人权律师、政治拘留者张素兰 (“人民论坛”译)


以下是读者推荐 2021年10月13日 Function 8 的贴文(英中版):

I DON'T LIKE BULLIES
by Teo Soh Lung

On 8 October 2021, the state media informed us that 8 individuals and one Facebook page, Wake up Singapore received letters from MHA demanding that they apologise for misrepresenting what the Minister of Law and Home Affairs, K Shanmugam said in parliament. Apparently, he was in a hurry to extract apologies. One of 8 individuals said that she was given just one hour to comply with the demand or face the consequences. All nine parties are reported to have complied even though one of them maintained that she only clarified and did not apologise.

The nine had shared Mothership's article on the minister's convoluted and somewhat contradictory speech in parliament when it debated on FICA or Foreign Interference Countermeasures Act.

In his long speech, the minister tried to impress us that he was a disciple of the late Senior Minister, Lee Kuan Yew. While it is true that Lee loved to give long lectures off his cuff, I am afraid the minister is no way near Lee's eloquence and clarity of thought. Lee could go on for hours and mesmerise his audience in his younger days. He was a convincing speaker and parliament was alive when he took the floor. This is not to say that he was the only orator. There were many in those day.

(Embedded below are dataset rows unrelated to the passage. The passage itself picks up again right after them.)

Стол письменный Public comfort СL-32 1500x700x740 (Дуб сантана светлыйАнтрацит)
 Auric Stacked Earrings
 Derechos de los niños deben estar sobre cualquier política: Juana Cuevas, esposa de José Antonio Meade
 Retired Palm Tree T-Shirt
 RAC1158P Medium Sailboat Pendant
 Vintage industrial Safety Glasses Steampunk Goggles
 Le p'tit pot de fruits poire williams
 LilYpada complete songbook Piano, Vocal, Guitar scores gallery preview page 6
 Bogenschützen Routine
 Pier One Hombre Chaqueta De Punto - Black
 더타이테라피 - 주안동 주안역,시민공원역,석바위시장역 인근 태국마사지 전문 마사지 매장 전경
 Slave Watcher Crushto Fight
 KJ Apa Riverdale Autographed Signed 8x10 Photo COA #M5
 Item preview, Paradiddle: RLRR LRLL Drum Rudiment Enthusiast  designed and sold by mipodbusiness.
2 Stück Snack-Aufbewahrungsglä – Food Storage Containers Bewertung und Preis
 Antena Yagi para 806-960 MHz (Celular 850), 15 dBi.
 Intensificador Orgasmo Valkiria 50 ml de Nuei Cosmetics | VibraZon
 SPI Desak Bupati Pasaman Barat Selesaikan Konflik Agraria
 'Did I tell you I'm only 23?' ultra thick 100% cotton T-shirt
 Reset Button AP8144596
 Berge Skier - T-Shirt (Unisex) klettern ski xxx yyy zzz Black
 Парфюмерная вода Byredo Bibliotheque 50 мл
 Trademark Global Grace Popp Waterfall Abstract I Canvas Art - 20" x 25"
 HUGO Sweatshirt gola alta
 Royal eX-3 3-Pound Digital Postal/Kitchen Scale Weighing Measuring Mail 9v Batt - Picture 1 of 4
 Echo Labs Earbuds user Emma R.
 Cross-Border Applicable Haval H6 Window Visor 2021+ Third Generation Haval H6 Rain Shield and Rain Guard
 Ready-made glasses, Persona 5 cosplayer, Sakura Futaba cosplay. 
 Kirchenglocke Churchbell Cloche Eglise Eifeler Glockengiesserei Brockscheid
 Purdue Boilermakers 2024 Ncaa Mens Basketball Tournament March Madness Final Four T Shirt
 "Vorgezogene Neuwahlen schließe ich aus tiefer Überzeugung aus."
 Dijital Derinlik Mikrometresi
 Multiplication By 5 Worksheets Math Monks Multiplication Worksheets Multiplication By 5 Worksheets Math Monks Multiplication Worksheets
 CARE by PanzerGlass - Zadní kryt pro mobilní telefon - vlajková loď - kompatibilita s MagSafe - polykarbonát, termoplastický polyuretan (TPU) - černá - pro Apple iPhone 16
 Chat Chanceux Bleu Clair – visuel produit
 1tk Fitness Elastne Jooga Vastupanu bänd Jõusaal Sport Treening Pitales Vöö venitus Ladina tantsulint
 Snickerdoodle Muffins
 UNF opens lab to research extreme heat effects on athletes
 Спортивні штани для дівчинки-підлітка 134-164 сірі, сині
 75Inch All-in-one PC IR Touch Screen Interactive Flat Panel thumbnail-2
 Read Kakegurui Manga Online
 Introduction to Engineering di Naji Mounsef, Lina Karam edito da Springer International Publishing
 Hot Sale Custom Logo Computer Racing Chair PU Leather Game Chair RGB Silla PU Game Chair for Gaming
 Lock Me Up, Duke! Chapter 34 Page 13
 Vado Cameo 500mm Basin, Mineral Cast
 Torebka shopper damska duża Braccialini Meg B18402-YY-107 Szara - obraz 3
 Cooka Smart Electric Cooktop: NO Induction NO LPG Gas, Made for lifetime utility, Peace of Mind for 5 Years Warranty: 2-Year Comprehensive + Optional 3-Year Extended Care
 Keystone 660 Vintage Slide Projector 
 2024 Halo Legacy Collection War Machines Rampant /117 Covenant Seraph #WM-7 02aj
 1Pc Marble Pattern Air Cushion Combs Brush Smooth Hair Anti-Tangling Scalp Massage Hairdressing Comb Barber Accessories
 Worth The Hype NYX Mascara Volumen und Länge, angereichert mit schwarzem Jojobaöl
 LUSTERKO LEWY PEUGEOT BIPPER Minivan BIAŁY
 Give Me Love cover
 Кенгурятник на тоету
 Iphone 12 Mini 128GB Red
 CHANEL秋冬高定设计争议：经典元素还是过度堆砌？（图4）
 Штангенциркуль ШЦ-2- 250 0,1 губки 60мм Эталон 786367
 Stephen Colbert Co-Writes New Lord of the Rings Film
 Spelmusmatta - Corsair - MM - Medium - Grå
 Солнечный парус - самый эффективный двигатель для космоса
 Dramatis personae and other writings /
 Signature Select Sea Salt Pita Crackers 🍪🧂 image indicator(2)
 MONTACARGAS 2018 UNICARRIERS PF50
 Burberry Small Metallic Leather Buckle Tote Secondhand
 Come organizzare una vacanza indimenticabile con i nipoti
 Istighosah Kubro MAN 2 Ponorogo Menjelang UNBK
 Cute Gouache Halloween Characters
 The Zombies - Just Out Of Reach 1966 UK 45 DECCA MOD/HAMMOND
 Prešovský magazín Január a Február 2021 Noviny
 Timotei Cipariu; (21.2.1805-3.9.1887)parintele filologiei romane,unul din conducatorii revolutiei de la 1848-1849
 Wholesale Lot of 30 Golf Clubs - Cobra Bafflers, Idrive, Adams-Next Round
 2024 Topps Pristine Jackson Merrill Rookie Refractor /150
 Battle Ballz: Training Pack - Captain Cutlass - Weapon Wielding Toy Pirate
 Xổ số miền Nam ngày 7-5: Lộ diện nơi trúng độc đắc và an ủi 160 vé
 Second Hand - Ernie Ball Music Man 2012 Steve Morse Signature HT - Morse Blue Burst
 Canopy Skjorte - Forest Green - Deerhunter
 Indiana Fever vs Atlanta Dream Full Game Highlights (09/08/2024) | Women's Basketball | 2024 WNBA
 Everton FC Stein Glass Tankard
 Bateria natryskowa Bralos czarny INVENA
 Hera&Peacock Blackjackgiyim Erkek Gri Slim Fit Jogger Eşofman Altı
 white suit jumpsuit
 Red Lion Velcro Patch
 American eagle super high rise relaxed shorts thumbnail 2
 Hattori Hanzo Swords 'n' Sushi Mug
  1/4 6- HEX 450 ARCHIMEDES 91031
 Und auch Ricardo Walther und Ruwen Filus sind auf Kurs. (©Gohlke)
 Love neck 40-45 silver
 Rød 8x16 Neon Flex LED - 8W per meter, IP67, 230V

In Lee's later years, his skill as a debater declined. He was more a bully and a bad loser when he failed to win a debate. It was understandable why he lost his skill. Too long in a one party government wiped out real debates. I do not think anyone dares to oppose him in cabinet meetings. We see his deteriorating skill in the 1986 debate with Francis Seow, Harry Elias and Warren Khoo at the Select Committee hearing on the Amendment to the Legal Profession Act. He was angry when he lost an argument and took his revenge subsequently.

Mr K Shanmugam became a member of parliament in 1989, just one year before Lee stepped down as prime minister. While it is true that the minister can learn to be like Lee from reading Hansard and all the books that he had written, I don't think it will be the same. You can watch the minister's debating skill when he questioned Dr P J Thum in the select committee hearing on POFMA or Protection of Falsehoods and Manipulation Act. Here is a short extract if you don't have the patience to spend six hours listening to him https://youtu.be/wY_Wrh1UnnM?t=6.

Let me go back to the minister's speech which in my opinion, was correctly understood and stated in the article in Mothership and shared by the nine parties. You can read the transcript by Lynn Lee here https://tinyurl.com/ykds6mpk I just want to pick out the minister's salient words and give you my understanding of his words.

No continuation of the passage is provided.